The answer is to be the data below, written out in full and exactly.

Crawled caption data
· · · · ·

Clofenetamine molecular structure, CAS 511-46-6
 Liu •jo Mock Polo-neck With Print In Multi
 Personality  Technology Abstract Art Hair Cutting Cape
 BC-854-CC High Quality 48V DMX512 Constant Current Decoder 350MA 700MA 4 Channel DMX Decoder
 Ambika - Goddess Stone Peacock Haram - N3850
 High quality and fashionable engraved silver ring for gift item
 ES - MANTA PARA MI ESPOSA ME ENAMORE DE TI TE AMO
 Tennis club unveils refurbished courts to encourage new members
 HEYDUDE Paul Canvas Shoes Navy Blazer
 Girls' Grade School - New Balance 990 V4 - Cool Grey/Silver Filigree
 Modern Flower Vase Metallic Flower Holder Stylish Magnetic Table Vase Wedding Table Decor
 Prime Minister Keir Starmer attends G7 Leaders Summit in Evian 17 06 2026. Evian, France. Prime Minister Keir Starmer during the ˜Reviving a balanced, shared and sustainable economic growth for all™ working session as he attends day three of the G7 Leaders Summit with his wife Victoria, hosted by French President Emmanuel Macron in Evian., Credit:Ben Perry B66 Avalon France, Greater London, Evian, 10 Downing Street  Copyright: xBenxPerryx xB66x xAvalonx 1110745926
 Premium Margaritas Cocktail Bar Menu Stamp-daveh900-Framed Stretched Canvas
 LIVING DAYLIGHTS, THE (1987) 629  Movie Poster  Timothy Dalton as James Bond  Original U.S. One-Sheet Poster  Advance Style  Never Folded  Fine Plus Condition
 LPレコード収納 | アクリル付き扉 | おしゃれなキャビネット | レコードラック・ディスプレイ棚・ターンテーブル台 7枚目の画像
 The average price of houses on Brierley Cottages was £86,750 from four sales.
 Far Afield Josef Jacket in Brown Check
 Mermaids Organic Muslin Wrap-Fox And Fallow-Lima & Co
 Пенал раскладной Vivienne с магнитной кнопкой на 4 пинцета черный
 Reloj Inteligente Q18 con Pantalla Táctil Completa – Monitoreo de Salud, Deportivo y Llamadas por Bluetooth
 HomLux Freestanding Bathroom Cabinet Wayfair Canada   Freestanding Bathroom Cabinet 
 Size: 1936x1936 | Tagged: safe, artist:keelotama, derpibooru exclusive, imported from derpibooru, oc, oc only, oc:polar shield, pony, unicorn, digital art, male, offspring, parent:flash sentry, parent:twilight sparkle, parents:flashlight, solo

· · · · ·

*RESULT OF THIS TASK*:
Clofenetamine molecular structure, CAS 511-46-6
 Liu •jo Mock Polo-neck With Print In Multi
 Personality  Technology Abstract Art Hair Cutting Cape
 BC-854-CC High Quality 48V DMX512 Constant Current Decoder 350MA 700MA 4 Channel DMX Decoder
 Ambika - Goddess Stone Peacock Haram - N3850
 High quality and fashionable engraved silver ring for gift item
 ES - MANTA PARA MI ESPOSA ME ENAMORE DE TI TE AMO
 Tennis club unveils refurbished courts to encourage new members
 HEYDUDE Paul Canvas Shoes Navy Blazer
 Girls' Grade School - New Balance 990 V4 - Cool Grey/Silver Filigree
 Modern Flower Vase Metallic Flower Holder Stylish Magnetic Table Vase Wedding Table Decor
 Prime Minister Keir Starmer attends G7 Leaders Summit in Evian 17 06 2026. Evian, France. Prime Minister Keir Starmer during the ˜Reviving a balanced, shared and sustainable economic growth for all™ working session as he attends day three of the G7 Leaders Summit with his wife Victoria, hosted by French President Emmanuel Macron in Evian., Credit:Ben Perry B66 Avalon France, Greater London, Evian, 10 Downing Street  Copyright: xBenxPerryx xB66x xAvalonx 1110745926
 Premium Margaritas Cocktail Bar Menu Stamp-daveh900-Framed Stretched Canvas
 LIVING DAYLIGHTS, THE (1987) 629  Movie Poster  Timothy Dalton as James Bond  Original U.S. One-Sheet Poster  Advance Style  Never Folded  Fine Plus Condition
 LPレコード収納 | アクリル付き扉 | おしゃれなキャビネット | レコードラック・ディスプレイ棚・ターンテーブル台 7枚目の画像
 The average price of houses on Brierley Cottages was £86,750 from four sales.
 Far Afield Josef Jacket in Brown Check
 Mermaids Organic Muslin Wrap-Fox And Fallow-Lima & Co
 Пенал раскладной Vivienne с магнитной кнопкой на 4 пинцета черный
 Reloj Inteligente Q18 con Pantalla Táctil Completa – Monitoreo de Salud, Deportivo y Llamadas por Bluetooth
 HomLux Freestanding Bathroom Cabinet Wayfair Canada   Freestanding Bathroom Cabinet 
 Size: 1936x1936 | Tagged: safe, artist:keelotama, derpibooru exclusive, imported from derpibooru, oc, oc only, oc:polar shield, pony, unicorn, digital art, male, offspring, parent:flash sentry, parent:twilight sparkle, parents:flashlight, solo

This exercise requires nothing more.